• Task brief
Please reproduce each of the entries below exactly as they appear.

• Record excerpts
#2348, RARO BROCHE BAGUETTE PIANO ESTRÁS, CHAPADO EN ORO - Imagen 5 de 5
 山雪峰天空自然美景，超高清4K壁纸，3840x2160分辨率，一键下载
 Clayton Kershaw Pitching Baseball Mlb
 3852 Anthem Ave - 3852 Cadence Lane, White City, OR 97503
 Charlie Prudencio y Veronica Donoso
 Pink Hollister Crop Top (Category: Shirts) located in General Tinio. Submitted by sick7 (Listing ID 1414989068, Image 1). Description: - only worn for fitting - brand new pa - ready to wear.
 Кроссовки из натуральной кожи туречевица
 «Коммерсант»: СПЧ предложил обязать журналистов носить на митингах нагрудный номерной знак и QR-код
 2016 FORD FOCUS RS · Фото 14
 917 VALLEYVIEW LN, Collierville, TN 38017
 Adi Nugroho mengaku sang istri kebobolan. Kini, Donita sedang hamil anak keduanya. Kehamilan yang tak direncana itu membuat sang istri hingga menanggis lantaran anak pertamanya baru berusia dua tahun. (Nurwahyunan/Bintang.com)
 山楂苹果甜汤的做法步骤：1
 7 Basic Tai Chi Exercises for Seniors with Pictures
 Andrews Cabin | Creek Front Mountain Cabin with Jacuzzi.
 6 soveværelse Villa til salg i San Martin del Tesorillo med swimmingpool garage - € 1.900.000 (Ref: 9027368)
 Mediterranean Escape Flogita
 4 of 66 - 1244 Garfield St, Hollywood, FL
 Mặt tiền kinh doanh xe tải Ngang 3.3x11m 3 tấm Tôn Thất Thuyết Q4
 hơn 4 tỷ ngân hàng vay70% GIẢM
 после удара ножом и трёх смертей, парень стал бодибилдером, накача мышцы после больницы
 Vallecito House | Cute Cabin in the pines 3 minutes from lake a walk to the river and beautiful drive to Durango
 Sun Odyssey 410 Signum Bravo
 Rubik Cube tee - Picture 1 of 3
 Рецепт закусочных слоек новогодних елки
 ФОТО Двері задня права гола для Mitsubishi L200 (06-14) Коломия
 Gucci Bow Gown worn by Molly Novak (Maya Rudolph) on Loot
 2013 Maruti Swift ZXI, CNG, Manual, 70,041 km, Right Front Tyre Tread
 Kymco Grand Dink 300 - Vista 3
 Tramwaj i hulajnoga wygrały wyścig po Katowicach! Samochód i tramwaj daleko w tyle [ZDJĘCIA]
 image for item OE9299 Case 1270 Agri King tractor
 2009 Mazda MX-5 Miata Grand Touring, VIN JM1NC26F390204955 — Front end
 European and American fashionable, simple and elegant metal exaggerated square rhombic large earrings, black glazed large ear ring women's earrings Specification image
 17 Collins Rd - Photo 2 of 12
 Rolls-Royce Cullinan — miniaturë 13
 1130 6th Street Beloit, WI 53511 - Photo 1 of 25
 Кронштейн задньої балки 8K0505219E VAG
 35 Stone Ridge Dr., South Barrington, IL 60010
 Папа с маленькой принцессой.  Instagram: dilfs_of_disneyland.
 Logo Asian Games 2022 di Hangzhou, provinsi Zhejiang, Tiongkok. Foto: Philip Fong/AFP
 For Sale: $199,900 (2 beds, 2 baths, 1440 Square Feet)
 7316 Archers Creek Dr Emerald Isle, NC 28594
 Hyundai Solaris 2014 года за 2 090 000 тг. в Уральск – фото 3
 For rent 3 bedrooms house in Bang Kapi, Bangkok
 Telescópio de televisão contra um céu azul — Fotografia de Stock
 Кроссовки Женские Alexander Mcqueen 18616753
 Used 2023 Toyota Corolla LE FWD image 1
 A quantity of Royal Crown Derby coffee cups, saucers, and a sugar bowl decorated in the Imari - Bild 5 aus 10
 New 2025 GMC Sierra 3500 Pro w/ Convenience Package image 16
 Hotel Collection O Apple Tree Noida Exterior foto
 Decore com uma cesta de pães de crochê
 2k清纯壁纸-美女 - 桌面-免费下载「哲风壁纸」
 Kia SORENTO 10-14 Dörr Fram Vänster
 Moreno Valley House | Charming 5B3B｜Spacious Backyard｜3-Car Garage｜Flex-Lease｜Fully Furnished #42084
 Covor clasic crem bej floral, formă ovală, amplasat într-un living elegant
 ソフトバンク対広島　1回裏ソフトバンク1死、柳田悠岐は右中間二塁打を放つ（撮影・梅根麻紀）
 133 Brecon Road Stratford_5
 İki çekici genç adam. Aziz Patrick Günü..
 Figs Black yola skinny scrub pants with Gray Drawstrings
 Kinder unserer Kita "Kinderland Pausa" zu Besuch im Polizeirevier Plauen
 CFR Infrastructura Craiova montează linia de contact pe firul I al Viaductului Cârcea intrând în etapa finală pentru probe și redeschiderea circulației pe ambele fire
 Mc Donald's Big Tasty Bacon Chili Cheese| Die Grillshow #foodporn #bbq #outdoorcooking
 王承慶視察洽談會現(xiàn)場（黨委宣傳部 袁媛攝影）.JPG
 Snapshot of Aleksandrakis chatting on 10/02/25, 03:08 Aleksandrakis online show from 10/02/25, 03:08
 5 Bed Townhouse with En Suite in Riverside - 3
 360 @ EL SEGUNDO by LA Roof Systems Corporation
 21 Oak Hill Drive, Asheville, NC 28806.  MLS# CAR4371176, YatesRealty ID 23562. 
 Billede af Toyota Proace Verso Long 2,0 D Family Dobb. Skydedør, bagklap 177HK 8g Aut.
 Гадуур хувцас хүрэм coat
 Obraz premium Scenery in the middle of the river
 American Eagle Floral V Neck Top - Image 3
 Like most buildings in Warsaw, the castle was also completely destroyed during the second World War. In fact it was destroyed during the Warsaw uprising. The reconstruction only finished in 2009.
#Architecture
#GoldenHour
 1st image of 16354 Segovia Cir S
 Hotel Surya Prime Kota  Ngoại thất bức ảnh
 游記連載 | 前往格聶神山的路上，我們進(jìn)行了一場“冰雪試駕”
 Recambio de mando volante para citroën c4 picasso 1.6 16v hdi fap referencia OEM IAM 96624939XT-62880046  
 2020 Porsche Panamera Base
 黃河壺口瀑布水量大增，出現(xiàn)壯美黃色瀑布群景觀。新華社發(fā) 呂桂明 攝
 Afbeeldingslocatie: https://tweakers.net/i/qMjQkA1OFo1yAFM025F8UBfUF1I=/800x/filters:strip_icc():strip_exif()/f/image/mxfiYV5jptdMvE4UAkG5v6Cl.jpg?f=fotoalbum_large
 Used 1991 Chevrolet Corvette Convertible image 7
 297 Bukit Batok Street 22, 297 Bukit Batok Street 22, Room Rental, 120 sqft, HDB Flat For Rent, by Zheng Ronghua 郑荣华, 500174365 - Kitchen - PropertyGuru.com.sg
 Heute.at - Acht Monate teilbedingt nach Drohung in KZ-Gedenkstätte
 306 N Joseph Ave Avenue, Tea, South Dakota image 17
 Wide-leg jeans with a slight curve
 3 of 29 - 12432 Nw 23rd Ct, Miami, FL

• Answer for the task
#2348, RARO BROCHE BAGUETTE PIANO ESTRÁS, CHAPADO EN ORO - Imagen 5 de 5
 山雪峰天空自然美景，超高清4K壁纸，3840x2160分辨率，一键下载
 Clayton Kershaw Pitching Baseball Mlb
 3852 Anthem Ave - 3852 Cadence Lane, White City, OR 97503
 Charlie Prudencio y Veronica Donoso
 Pink Hollister Crop Top (Category: Shirts) located in General Tinio. Submitted by sick7 (Listing ID 1414989068, Image 1). Description: - only worn for fitting - brand new pa - ready to wear.
 Кроссовки из натуральной кожи туречевица
 «Коммерсант»: СПЧ предложил обязать журналистов носить на митингах нагрудный номерной знак и QR-код
 2016 FORD FOCUS RS · Фото 14
 917 VALLEYVIEW LN, Collierville, TN 38017
 Adi Nugroho mengaku sang istri kebobolan. Kini, Donita sedang hamil anak keduanya. Kehamilan yang tak direncana itu membuat sang istri hingga menanggis lantaran anak pertamanya baru berusia dua tahun. (Nurwahyunan/Bintang.com)
 山楂苹果甜汤的做法步骤：1
 7 Basic Tai Chi Exercises for Seniors with Pictures
 Andrews Cabin | Creek Front Mountain Cabin with Jacuzzi.
 6 soveværelse Villa til salg i San Martin del Tesorillo med swimmingpool garage - € 1.900.000 (Ref: 9027368)
 Mediterranean Escape Flogita
 4 of 66 - 1244 Garfield St, Hollywood, FL
 Mặt tiền kinh doanh xe tải Ngang 3.3x11m 3 tấm Tôn Thất Thuyết Q4
 hơn 4 tỷ ngân hàng vay70% GIẢM
 после удара ножом и трёх смертей, парень стал бодибилдером, накача мышцы после больницы
 Vallecito House | Cute Cabin in the pines 3 minutes from lake a walk to the river and beautiful drive to Durango
 Sun Odyssey 410 Signum Bravo
 Rubik Cube tee - Picture 1 of 3
 Рецепт закусочных слоек новогодних елки
 ФОТО Двері задня права гола для Mitsubishi L200 (06-14) Коломия
 Gucci Bow Gown worn by Molly Novak (Maya Rudolph) on Loot
 2013 Maruti Swift ZXI, CNG, Manual, 70,041 km, Right Front Tyre Tread
 Kymco Grand Dink 300 - Vista 3
 Tramwaj i hulajnoga wygrały wyścig po Katowicach! Samochód i tramwaj daleko w tyle [ZDJĘCIA]
 image for item OE9299 Case 1270 Agri King tractor
 2009 Mazda MX-5 Miata Grand Touring, VIN JM1NC26F390204955 — Front end
 European and American fashionable, simple and elegant metal exaggerated square rhombic large earrings, black glazed large ear ring women's earrings Specification image
 17 Collins Rd - Photo 2 of 12
 Rolls-Royce Cullinan — miniaturë 13
 1130 6th Street Beloit, WI 53511 - Photo 1 of 25
 Кронштейн задньої балки 8K0505219E VAG
 35 Stone Ridge Dr., South Barrington, IL 60010
 Папа с маленькой принцессой.  Instagram: dilfs_of_disneyland.
 Logo Asian Games 2022 di Hangzhou, provinsi Zhejiang, Tiongkok. Foto: Philip Fong/AFP
 For Sale: $199,900 (2 beds, 2 baths, 1440 Square Feet)
 7316 Archers Creek Dr Emerald Isle, NC 28594
 Hyundai Solaris 2014 года за 2 090 000 тг. в Уральск – фото 3
 For rent 3 bedrooms house in Bang Kapi, Bangkok
 Telescópio de televisão contra um céu azul — Fotografia de Stock
 Кроссовки Женские Alexander Mcqueen 18616753
 Used 2023 Toyota Corolla LE FWD image 1
 A quantity of Royal Crown Derby coffee cups, saucers, and a sugar bowl decorated in the Imari - Bild 5 aus 10
 New 2025 GMC Sierra 3500 Pro w/ Convenience Package image 16
 Hotel Collection O Apple Tree Noida Exterior foto
 Decore com uma cesta de pães de crochê
 2k清纯壁纸-美女 - 桌面-免费下载「哲风壁纸」
 Kia SORENTO 10-14 Dörr Fram Vänster
 Moreno Valley House | Charming 5B3B｜Spacious Backyard｜3-Car Garage｜Flex-Lease｜Fully Furnished #42084
 Covor clasic crem bej floral, formă ovală, amplasat într-un living elegant
 ソフトバンク対広島　1回裏ソフトバンク1死、柳田悠岐は右中間二塁打を放つ（撮影・梅根麻紀）
 133 Brecon Road Stratford_5
 İki çekici genç adam. Aziz Patrick Günü..
 Figs Black yola skinny scrub pants with Gray Drawstrings
 Kinder unserer Kita "Kinderland Pausa" zu Besuch im Polizeirevier Plauen
 CFR Infrastructura Craiova montează linia de contact pe firul I al Viaductului Cârcea intrând în etapa finală pentru probe și redeschiderea circulației pe ambele fire
 Mc Donald's Big Tasty Bacon Chili Cheese| Die Grillshow #foodporn #bbq #outdoorcooking
 王承慶視察洽談會現(xiàn)場（黨委宣傳部 袁媛攝影）.JPG
 Snapshot of Aleksandrakis chatting on 10/02/25, 03:08 Aleksandrakis online show from 10/02/25, 03:08
 5 Bed Townhouse with En Suite in Riverside - 3
 360 @ EL SEGUNDO by LA Roof Systems Corporation
 21 Oak Hill Drive, Asheville, NC 28806.  MLS# CAR4371176, YatesRealty ID 23562. 
 Billede af Toyota Proace Verso Long 2,0 D Family Dobb. Skydedør, bagklap 177HK 8g Aut.
 Гадуур хувцас хүрэм coat
 Obraz premium Scenery in the middle of the river
 American Eagle Floral V Neck Top - Image 3
 Like most buildings in Warsaw, the castle was also completely destroyed during the second World War. In fact it was destroyed during the Warsaw uprising. The reconstruction only finished in 2009.
#Architecture
#GoldenHour
 1st image of 16354 Segovia Cir S
 Hotel Surya Prime Kota  Ngoại thất bức ảnh
 游記連載 | 前往格聶神山的路上，我們進(jìn)行了一場“冰雪試駕”
 Recambio de mando volante para citroën c4 picasso 1.6 16v hdi fap referencia OEM IAM 96624939XT-62880046  
 2020 Porsche Panamera Base
 黃河壺口瀑布水量大增，出現(xiàn)壯美黃色瀑布群景觀。新華社發(fā) 呂桂明 攝
 Afbeeldingslocatie: https://tweakers.net/i/qMjQkA1OFo1yAFM025F8UBfUF1I=/800x/filters:strip_icc():strip_exif()/f/image/mxfiYV5jptdMvE4UAkG5v6Cl.jpg?f=fotoalbum_large
 Used 1991 Chevrolet Corvette Convertible image 7
 297 Bukit Batok Street 22, 297 Bukit Batok Street 22, Room Rental, 120 sqft, HDB Flat For Rent, by Zheng Ronghua 郑荣华, 500174365 - Kitchen - PropertyGuru.com.sg
 Heute.at - Acht Monate teilbedingt nach Drohung in KZ-Gedenkstätte
 306 N Joseph Ave Avenue, Tea, South Dakota image 17
 Wide-leg jeans with a slight curve
 3 of 29 - 12432 Nw 23rd Ct, Miami, FL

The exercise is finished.